On 04/16/2014 02:15 PM, Martin Buchholz wrote:
On Mon, Apr 14, 2014 at 1:57 PM, Peter Levart <peter.lev...@gmail.com
<mailto:peter.lev...@gmail.com>> wrote:


    There's already such a race in current implementation of
    Process.terminate(). It admittedly only concerns a small window
    between process exiting and the reaper thread managing to signal
    this state to the other threads wishing to terminate it at the same
    time, so it could happen that a KILL/TERM signal is sent to an
    already deceased PID which was re-used, but it doesn't happen in
    practice since PIDs are not re-used very soon typically.

    But I agree, waiting between listing children and sending them
    signals increases the chance of hitting a reused PID.


We do rely on the OS not reusing a PID _immediately_.  We used to have
bugs in this area where Process.destroy would send a signal to a pid
that may have deceased arbitrarily long ago.

It seems to me that the key to avoiding this is to ensure that waitpid() is not called until we know the PID is ready to be cleaned. As long as waitpid() has not yet been called, we can be certain that the process still exists and is ours. So the real question is, how can we know a process is dead without actually calling wait() (thereby making that knowledge useless)?

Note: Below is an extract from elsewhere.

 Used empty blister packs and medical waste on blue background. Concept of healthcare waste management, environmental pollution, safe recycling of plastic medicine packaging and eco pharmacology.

The aforementioned /proc trick seems like one good way to do so without, say, spawning a plethora of threads (though at one additional FD per thread, it is not free either). Unforunately /proc is not ubiquitous, and even where it does exist, it's not standardized (thus its behavior probably cannot be relied upon absolutely).

A simple solution may be to use a synchronized set of child PIDs, and set a SIGCHLD handler or waiter which, when triggered, locks the set and performs a series of waitid() operations with WNOHANG, processing all the process status updates. The signalling APIs would be required to synchronize on the set to determine if the process in question is owned by the parent process. Previously unknown processes can be "adopted" into this area by acquiring the synchronization and calling "waitpid()"+WNOHANG on the PID in question, and using the result to determine whether the PID should be added to the set (or whether we just reaped it - or whether it doesn't belong to us at all).

As long as the process API is restricted to managing direct children, this should work and be safe across all POSIX-ish environments. Note the potential downside that all children will be automatically reaped, which is possibly somewhat hostile to naïve JNI libraries or embedders. Selectively enabling the /proc trick can mitigate this downside on platforms which support it however.